Stored records
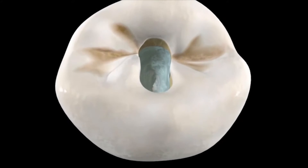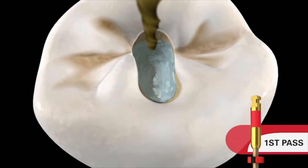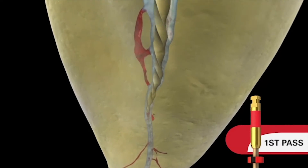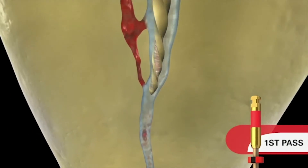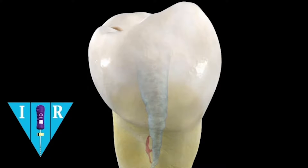We have a glide path and it's been verified, so we can come right in with the primary 2507 Wave One Gold instrument. I want to really emphasize multiple passes — the instrument should only work for about three or four millimeters and then it should be removed. There should be a lot of debris towards its working tip as it's crowning down. After every instrument is removed, we irrigate to kick out gross debris.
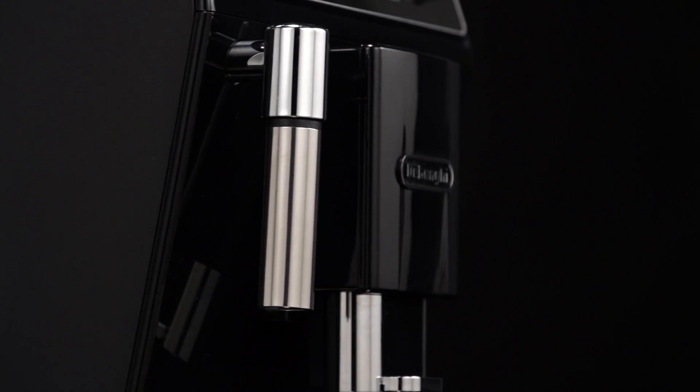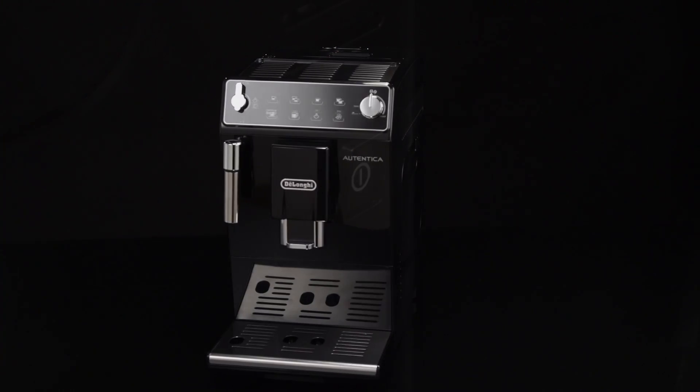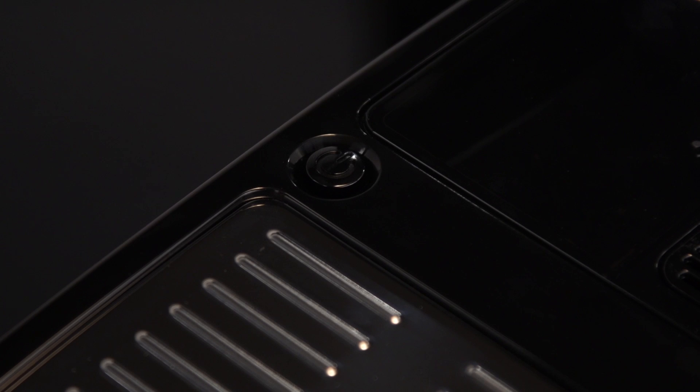Before turning the appliance on, make sure the main switch is pressed. To turn the appliance on, press the on standby button.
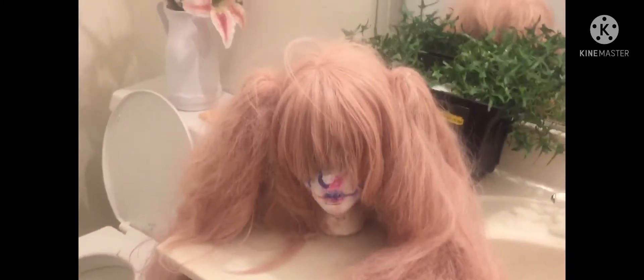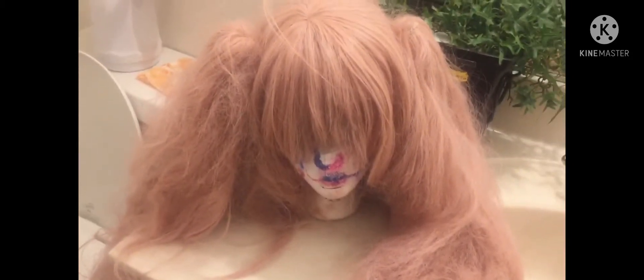We are going to be washing this rat's mess. It'll take me a few minutes to figure out how to turn on this shower here, because I haven't used it in a long time. See you guys in a little bit.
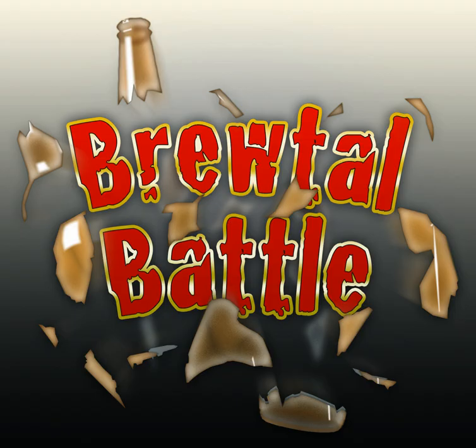Welcome to Brewery Society Beers, episode number 21 of Brutal Battle. Quick disclaimer: if you hear something weird in the background, it's because someone is mowing their lawn. It's an electric mower, so hopefully it's low enough and I'm able to clean up the audio enough that people don't hear it. My apologies.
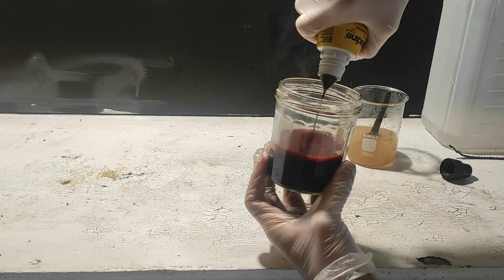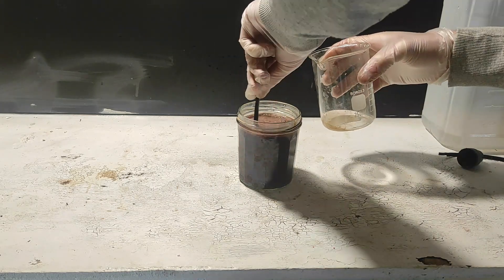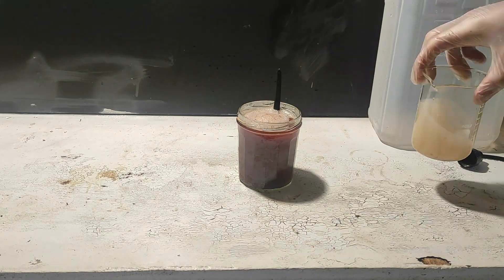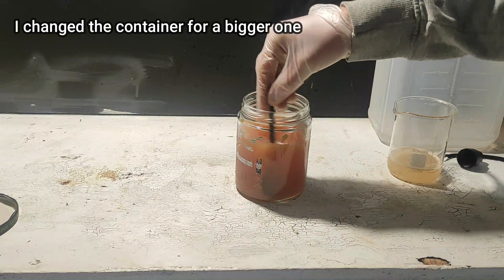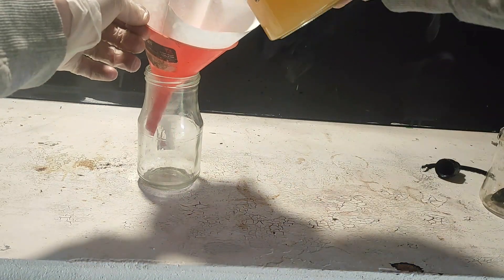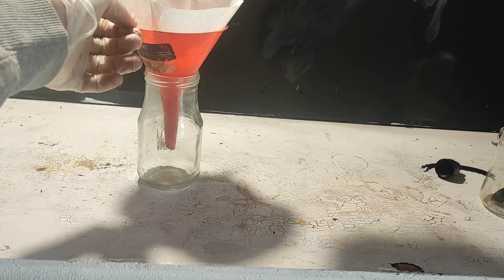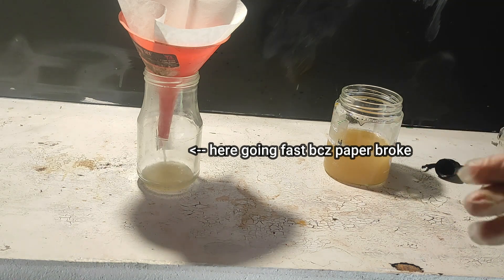Then we open the iodine bottle and empty it in a beaker. We add our solution while stirring vigorously, and the end point is reached when the solution takes a light yellow color — this means there is no more complex iodine. Now we let the solution cool to room temperature and then filter it. I first used a coffee filter, but the solution was too basic and dissolved the paper, so I changed it for a piece of cotton in the bottom of the funnel and that worked very well. The solution is now very clear compared to the old one.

### Exercise objective
Each entry should be set down exactly, pictures excluded.

### Response box
We have a glide path and it's been verified, so we can come right in with the primary 2507 Wave One Gold instrument. I want to really emphasize multiple passes — the instrument should only work for about three or four millimeters and then it should be removed. There should be a lot of debris towards its working tip as it's crowning down. After every instrument is removed, we irrigate to kick out gross debris.
Before turning the appliance on, make sure the main switch is pressed. To turn the appliance on, press the on standby button.
We are going to be washing this rat's mess. It'll take me a few minutes to figure out how to turn on this shower here, because I haven't used it in a long time. See you guys in a little bit.
Welcome to Brewery Society Beers, episode number 21 of Brutal Battle. Quick disclaimer: if you hear something weird in the background, it's because someone is mowing their lawn. It's an electric mower, so hopefully it's low enough and I'm able to clean up the audio enough that people don't hear it. My apologies.
Then we open the iodine bottle and empty it in a beaker. We add our solution while stirring vigorously, and the end point is reached when the solution takes a light yellow color — this means there is no more complex iodine. Now we let the solution cool to room temperature and then filter it. I first used a coffee filter, but the solution was too basic and dissolved the paper, so I changed it for a piece of cotton in the bottom of the funnel and that worked very well. The solution is now very clear compared to the old one.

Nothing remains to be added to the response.